WHAT IS EXPECTED
Copy out exactly the lines spanning the line with "Pakistan Lodges Strong" to the line with "का बड़ा हमला", inclusive, from the data underneath, with no pictures.

Crawled caption data
- - -

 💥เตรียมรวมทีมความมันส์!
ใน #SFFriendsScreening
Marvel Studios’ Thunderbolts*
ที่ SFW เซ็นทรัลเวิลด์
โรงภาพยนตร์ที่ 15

- - -

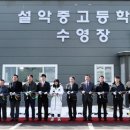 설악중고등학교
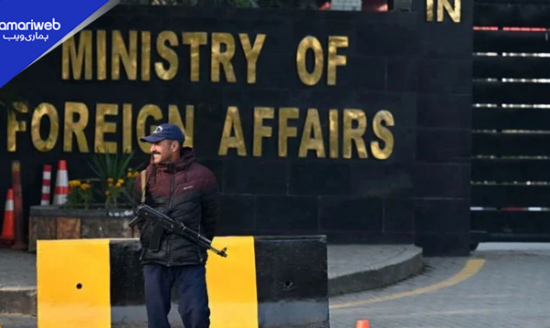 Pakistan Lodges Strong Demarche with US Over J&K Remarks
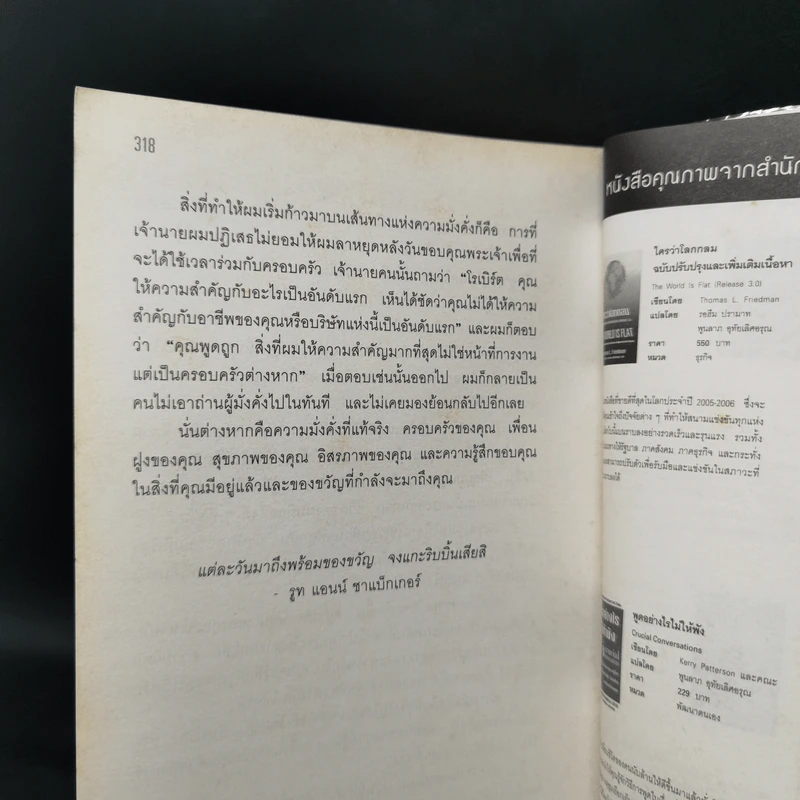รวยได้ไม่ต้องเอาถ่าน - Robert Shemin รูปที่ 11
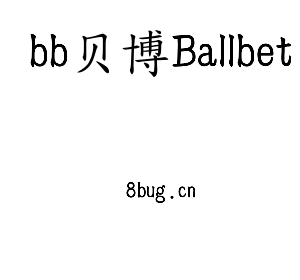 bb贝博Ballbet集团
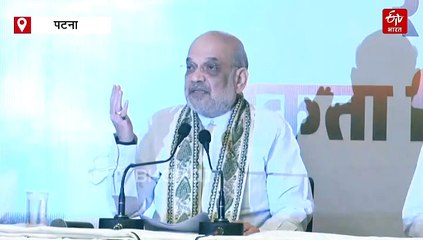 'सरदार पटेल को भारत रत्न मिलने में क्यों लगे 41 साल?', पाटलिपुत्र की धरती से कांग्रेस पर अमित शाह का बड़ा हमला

- - -

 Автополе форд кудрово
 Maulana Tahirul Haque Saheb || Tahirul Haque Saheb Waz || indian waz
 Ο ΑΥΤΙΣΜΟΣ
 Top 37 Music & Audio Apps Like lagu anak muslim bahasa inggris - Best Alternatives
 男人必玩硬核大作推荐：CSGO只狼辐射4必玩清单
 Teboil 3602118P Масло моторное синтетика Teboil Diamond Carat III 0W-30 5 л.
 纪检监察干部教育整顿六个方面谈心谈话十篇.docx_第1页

- - -

RESULT
 Pakistan Lodges Strong Demarche with US Over J&K Remarks
รวยได้ไม่ต้องเอาถ่าน - Robert Shemin รูปที่ 11
 bb贝博Ballbet集团
 'सरदार पटेल को भारत रत्न मिलने में क्यों लगे 41 साल?', पाटलिपुत्र की धरती से कांग्रेस पर अमित शाह का बड़ा हमला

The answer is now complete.